Wednesday, January 20, 2010

One Week Ago Today....


I found out that my life was going to change forever.

I guess, technically, we can back this story up about 18 months to July of 2009.  That's when The Husband and I decided that we would officially begin trying for a little one.  I had quit smoking (mostly) a month before and it seemed like a good time to try.  My cycles have never been what you'd call regular (or even close to it!) so I knew that we would have some difficulty, I just didn't think it would take a year and a half to conceive.  We went to the doctor, I was put on Metformin (which is a medication for diabetes- which I don't have) and waited.  Our PA told us she had given it to other women in my situation with good results.  Well, it didn't work for me.  Also, it made me nauseous every day and that was no fun.  So our next step was to go to another doctor.  Our PA sent us to the OB/GYN office at the local hospital, more specifically to Dr. V.  She is AWESOME.  I really like her.  Of course this didn't make magic happen in and of itself.  We had to do some tests- sperm analysis for him, insulin tests and uterine biopsy for me (I think he got off easy!). All of our tests came back normal, which was a huge relief and at the same time an irritation.  If there's nothing wrong, why aren't we pregnant yet?  Easy Answer- I wasn't ovulating.  Next step?  More medication.  Dr. V put me on a regimen of Provera and Clomid. We started this in November.  Cycle one didn't take, so on cycle two she upped the dosage.  Cycle two took.

So here we are, in January of 2010.  18 months from when we started.  On Tuesday the 12th my bestie best friend told me she and her husband were pregnant.  I was very happy for them, but very sad for me.  I'll let her tell you their story....  Tuesday was a rough day for me.  It was disheartening for me to know that I still was not pregnant.  It seemed like every time I turned around the fates or gods or whatever were there not giving me what I needed and wanted most.  The Husband was very supportive through all this though; I love him.   :)
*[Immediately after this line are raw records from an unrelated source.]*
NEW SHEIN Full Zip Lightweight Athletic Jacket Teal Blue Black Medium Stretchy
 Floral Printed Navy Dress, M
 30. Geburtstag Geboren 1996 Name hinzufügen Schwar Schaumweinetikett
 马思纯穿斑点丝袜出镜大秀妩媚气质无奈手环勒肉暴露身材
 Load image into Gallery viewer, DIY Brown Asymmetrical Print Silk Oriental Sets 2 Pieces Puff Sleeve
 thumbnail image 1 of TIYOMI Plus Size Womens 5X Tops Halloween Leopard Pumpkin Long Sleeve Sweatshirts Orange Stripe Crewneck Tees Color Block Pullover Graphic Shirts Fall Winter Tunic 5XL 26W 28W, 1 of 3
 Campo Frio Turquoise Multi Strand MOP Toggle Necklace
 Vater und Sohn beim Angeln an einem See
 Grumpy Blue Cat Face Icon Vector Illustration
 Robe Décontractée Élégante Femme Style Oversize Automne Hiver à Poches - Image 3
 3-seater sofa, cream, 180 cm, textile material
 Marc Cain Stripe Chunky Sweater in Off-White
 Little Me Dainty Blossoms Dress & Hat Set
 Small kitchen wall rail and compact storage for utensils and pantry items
On Wednesday morning I took another pregnancy test, knowing it would be negative again.  I resigned myself to that fact even before I peed on the stick.  Imagine my utter shock when the "not" wasn't there taunting me before the "pregnant."  I walked from the bathroom into the bedroom where The Husband was still in bed and said, "Mike...." and showed him the test.  He had no idea what was going on.  He thought I was trying to hand him a Sharpie!  He said, "seriously?!?" and then we just held each other for a while.

It was a nice morning.....

Stay tuned for our families' reactions.

2 comments:

Beardo said...

HAHAHAHAHAHA!

Of course I "got off easily" with my sperm analysis! How else would it have happened?

Anonymous said...

I couldn't believe it when Stacie told me that you were pregers Steph!!! I'm so freakin' excited!